Always articulate, he could be forceful in speech when irritated, as he was when a House bill to place in a single state general fund all balances in the revenue from sales, income and use taxes and the liquor control fund came up in the Senate. “There is no member of the Legislature,” he said, “who knows how much free money the state has in its treasury. I have seen all the statements estimating money on hand and money in sight, and still am unable to determine for myself what we have to spend.”

One of the last things he did in the Senate, in 1949 when he knew he wouldn’t run again, was to urge the Senate to pass the House bill increasing the session compensation of 1951 legislators from $1,000 to $2,000. The $1,000 session compensation had not been increased since 1913. The 1957 Legislature increased it to $30 per day.

Senator Faul won many dedicated, sincere and warm friends in his political and community life. A notable Senate friendship was that of Senator Faul and Senator John P. Berg of Cedar Falls. Their common interest in so many things led them to joint introduction of so many bills that casual visitors to the chamber frequently expressed curiosity about the identity of “Senator Faulanberg”.

His law practice in Des Moines spanned 40 years.
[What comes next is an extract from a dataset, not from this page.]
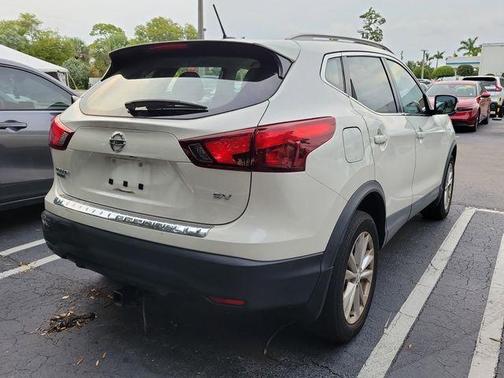 White 2018 Nissan Rogue Sport SV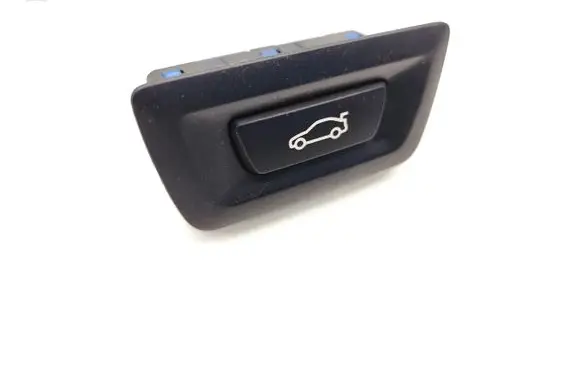 Jaguar XE Tailgate opening switch 9162643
He was made Special Counsel for American Mutual Life Insurance Company in 1940. That was the year his nephew, Henry F. Grant, received his law degree from the State University of Iowa and became his uncle’s partner in the law firm of Faul and Grant.

Faul was made a Director and General Counsel for America Mutual Life Insurance Company in 1941, and was elected Vice President in 1942.

He was married to Helen Flack Young of Des Moines in December, 1942.

Now, Therefore, Be It Resolved by the Senate of the Sixty-first General Assembly of Iowa: That in the passing of the Honorable George M. Faul, the State of Iowa has lost a valued and honored citizen, and by this resolution attests its respect for and admiration of him and tenders its sincere sympathy to his family.

Be It Further Resolved: That a copy of this resolution be spread upon the Journal of the Senate and the Secretary be directed to send an enrolled copy to the members of his family.

LEO ELTHON, Chairman,

GEORGE E. O’MALLEY,

HOWARD C. REPPERT, JR.,

Committee.

The resolution was unanimously adopted.